Records from a data source:
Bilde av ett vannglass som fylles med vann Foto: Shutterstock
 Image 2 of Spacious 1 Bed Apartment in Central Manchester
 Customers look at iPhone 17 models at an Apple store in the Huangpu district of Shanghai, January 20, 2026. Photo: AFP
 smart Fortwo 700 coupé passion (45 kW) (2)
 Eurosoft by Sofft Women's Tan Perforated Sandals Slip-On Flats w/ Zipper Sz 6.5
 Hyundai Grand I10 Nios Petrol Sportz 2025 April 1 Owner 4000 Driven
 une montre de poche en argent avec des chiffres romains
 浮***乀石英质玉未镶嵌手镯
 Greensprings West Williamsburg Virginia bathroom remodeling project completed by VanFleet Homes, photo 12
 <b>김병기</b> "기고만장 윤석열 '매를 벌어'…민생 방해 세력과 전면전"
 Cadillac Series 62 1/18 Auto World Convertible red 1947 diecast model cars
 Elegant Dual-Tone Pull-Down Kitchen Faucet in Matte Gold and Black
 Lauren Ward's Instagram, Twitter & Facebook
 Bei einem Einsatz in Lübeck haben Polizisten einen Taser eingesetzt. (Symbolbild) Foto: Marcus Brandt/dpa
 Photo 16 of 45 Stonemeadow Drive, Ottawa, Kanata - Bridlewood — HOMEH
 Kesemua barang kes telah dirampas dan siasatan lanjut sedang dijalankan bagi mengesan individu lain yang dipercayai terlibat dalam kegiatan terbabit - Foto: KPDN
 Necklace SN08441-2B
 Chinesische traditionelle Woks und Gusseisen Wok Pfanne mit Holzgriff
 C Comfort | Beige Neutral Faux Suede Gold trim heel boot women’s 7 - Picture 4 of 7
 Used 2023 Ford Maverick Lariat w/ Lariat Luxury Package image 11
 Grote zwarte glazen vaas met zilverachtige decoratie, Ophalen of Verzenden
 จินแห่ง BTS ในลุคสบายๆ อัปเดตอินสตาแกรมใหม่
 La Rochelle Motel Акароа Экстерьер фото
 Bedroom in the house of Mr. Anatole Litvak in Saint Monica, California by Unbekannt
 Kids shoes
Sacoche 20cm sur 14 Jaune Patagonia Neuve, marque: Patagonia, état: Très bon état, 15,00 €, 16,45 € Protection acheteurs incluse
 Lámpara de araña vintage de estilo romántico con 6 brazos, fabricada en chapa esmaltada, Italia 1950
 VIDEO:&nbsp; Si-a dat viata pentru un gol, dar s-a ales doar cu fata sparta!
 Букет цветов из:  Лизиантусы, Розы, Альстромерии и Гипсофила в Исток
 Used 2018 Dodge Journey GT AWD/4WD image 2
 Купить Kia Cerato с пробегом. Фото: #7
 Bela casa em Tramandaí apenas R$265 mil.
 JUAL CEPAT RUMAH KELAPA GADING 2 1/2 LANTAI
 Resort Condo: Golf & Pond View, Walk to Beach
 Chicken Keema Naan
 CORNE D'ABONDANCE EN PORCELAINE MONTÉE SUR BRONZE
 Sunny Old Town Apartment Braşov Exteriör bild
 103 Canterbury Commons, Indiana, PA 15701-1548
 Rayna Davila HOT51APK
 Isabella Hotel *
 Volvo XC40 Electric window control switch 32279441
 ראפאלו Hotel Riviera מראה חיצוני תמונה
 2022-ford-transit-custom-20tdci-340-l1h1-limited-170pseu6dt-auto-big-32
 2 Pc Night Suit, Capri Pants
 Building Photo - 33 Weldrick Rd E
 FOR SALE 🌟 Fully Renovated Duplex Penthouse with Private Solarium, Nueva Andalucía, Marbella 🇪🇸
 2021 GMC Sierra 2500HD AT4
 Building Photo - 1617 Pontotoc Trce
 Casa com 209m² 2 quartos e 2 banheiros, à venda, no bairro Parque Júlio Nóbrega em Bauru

## PROBLEM DESCRIPTION
Respond with one number only: how many lines of the data contain "Gold".

## RESPONSE AREA
2